Whenever there is a burst in demand and not much competition, they rip you off - Capitalism. They are selling almost the same battery but they sell it much more expensively JUST BECAUSE they know that you will be saving millions of $ for gas, oil, filters, all kinds of spare parts for the too much complicated engines, breaks, etc. And because they know it they also know that you will be willing to pay a higher price.

I saw that mobile phone battery - 3.7V 1100mAh can be sold for 0.5$
X100
you get 110Ah Battery at 50$ ...
Compared to a Thundersky 100Ah Battery at approximatelly $140...
Am I calculating something wrong or it could be up to 3times cheaper to go with mobilephone batteries???
These are new batteries


----------



## steven4601 (Nov 11, 2010)

I bet it can be cheaper yes.
But mobile phone batteries all start to 'buckle' after a year or 4. And thats with a mild load like a phone. Lets compare it to a load which would drain them in a hour or less.


----------



## bgoner (Feb 16, 2011)

Yes you are right. The idea is to get people start cheaper.
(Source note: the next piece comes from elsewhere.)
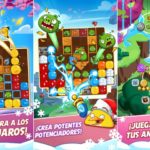 Angry Birds Blast: nuevo juego de los pájaros de Rovio estilo Candy Crush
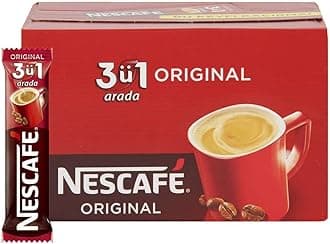 Nescafe 3 in 1 Classic Instant Coffee Single Packets 28x17.5g - PACK OF 4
Furthermore if you can make them last a year would be great cause by then there would be far superior batteries!


----------



## steven4601 (Nov 11, 2010)

Isn't murphy's law going to kick in when you do that?

Cheap batteries which will stop working in 4 years, or they set your car on fire.
Or the good batteries become too expensive within 4 years?


----------



## rwaudio (May 22, 2008)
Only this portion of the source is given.